Chatham Student Government Executive President Sarah Jugovic moderated the meeting, which was held in the Beckwith Auditorium in the Buhl Science Building.

In addition to asking questions at the meeting itself, Jugovic also carried a basket around with her in the hours leading up to the meeting, in which students could write questions on a piece paper and submit them to anonymously.  There was also a Twitter account to which students could submit questions.

At the meeting itself there were about 50 people including students, faculty, staff, and administration. This was different from past years, when the Town Hall meetings were exclusively for students.

The rationale behind including faculty, staff, and administration in the proceedings was to eliminated the “middle-man,” and make the lines of communication more direct between students and administration.

The meeting itself covered a broad variety of topics, but some of the most discussed topics had to do with Chatham University’s ongoing transition to coeducation and the changes that are occurring as a direct result of that transition.

One anonymous question spoke for a large portion of the student body when it voiced concerns about the recruitment of male athletes and whether or not it was disproportionate to the rest of the recruitment efforts.  In response, Amy Becher, Vice President of Enrollment, said that 20 percent of the current applicants for the 2015-2016 school year are men, and most of them are interested in Chatham for academic reasons, not sports.  To emphasize this point, she went on to say, “We’re targeting academics. We’re targeting regionally. We’re targeting music and arts.”

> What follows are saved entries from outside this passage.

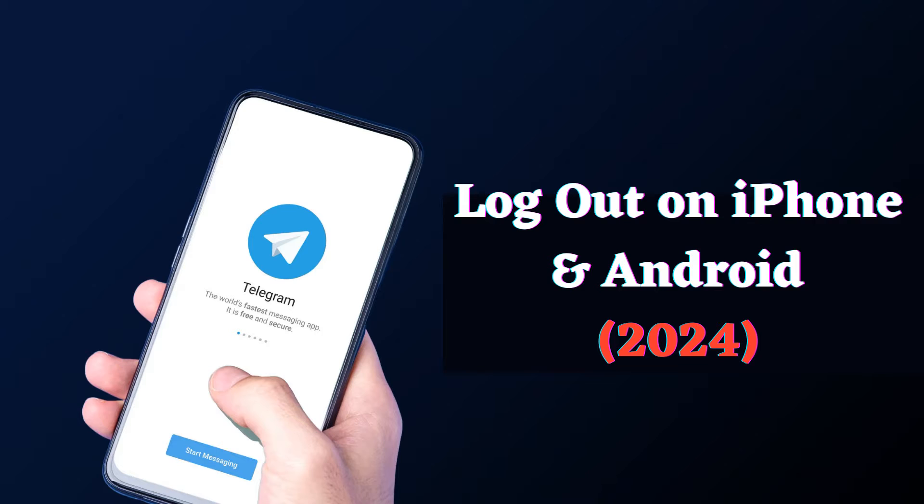Welcome, Tech Enthusiasts! Are you ready to stay in the know with the latest tips and tricks? Today, I've got an essential guide for you. In this video, we'll dive into the step-by-step process of logging out on both iPhone and Android in 2024.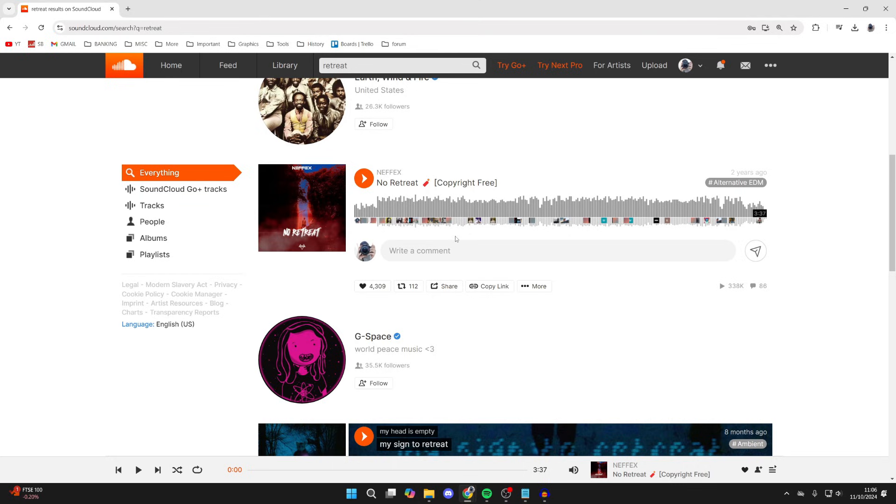So in this case, with this song, come below it. You'll see this row of options. Go over to the right and click on More. Then see the option for Download File.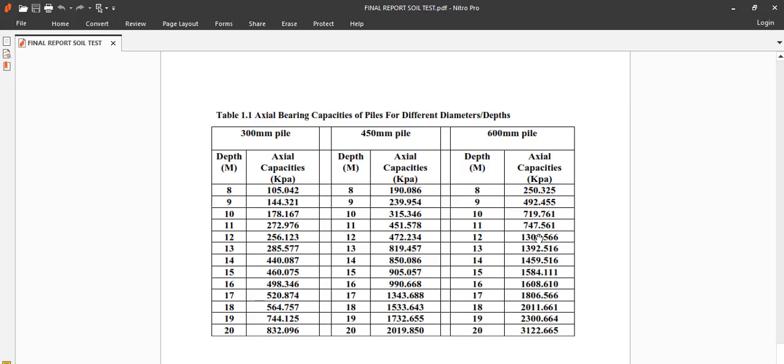So if you look at 12 meter depth, for the pile of 600 diameter, we are having 1340 kilonewtons. That is the load this pile can carry. Safe working load. While for 12 meter depth with 400 mm diameter we are just carrying 472, while if you are using 300 mm diameter you will be having 256 kilonewtons.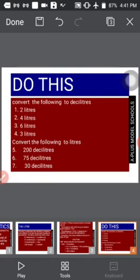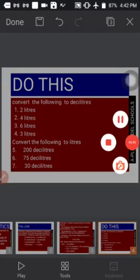Now do this for me. Convert the following to deciliters: (1) 2 liters, (2) 4 liters, (3) 6 liters, (4) 3 liters. Also convert the following to liters: 200 liters, 75 deciliters, 30 deciliters. Make sure you do it carefully. And before you leave this page, don't forget to subscribe so as to get notified when new videos are dropped. Thank you!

In fact, Becher pointed out that the first deposit from a male student was from a young man from Fox Chapel School District with a 4.0 G.P.A who is interested in social work, which elicited a cheer from the social work majors in the audience.

Another big question was whether or not current sports teams, like the tennis team, were cut to make room for men’s sports, in accordance with Title IX, which prohibits discrimination based on sex.  However Dean Zauyah Waite, Vice President for Student Affairs and Dean of Students assured students that this was not the case, explaining that Title IX says nothing about the number of sports teams, but rather its specifications are based on enrollment.

In regards to if the tennis team would be re-instated soon, Waite said, “Not in the near future, at this point in time…[but] we’re always looking for interest.”

Chatham University President Esther Barazzone then spoke up saying, “There’s something underlying these questions that needs to be addressed…anything that is cut is not cut to make room for men.”  Rather, she explained that the transition is meant to “enrich the experience for everyone.”

At this point in the meeting, Jugovic had the various Deans stand up and introduce themselves, including Darlene Motley, Dean of the College of Arts and Sciences and the College for Women; and William Lenz, Dean of Undergraduate Innovation.

Lenz spoke to the issue of the transition by saying that they had been, “meeting and talking about a number of issues that will have an impact on what happens next fall,” including general education requirements, tutorial and internship structure, professional development, and technology.  He also said that they would involve students more directly later in the process.

A concern of Alex Waasdorp, Class of 2018 President, was whether or not class sizes would remain small, but Motley allayed her worry when she said, “When you get more students, you get more professors,…classes, and resources.”

This led to a conversation about Chatham’s historic focus on liberal arts, with Lenz saying, “I can promise you the liberal arts are there–alive and well,” although he also said that it may not look quite the same as it has in the past.

Lenz went on to say, “We’re starting from ground zero–what should a meaningful Chatham College Undergraduate experience be?”

Merissa Clark then voiced her concerns that, “small majors where one professor teaches the whole curriculum,” are being neglected, and required classes are not being offered, to which Lenz responded that they would be conducting a “curriculum audit” to see where the various majors are falling short.

To close the meeting, administration once again asserted that the transition is a success, citing the fact that applications from the 2015-2016 school year are up 290 percent.  Through marketing efforts, including increased campus tours, they are “busting the myth” that surrounds Chatham, Becher said.

Jugovic also pointed out that people can still email or tweet the Chatham Student Government with questions and that information from the Town Hall meeting will be dispersed.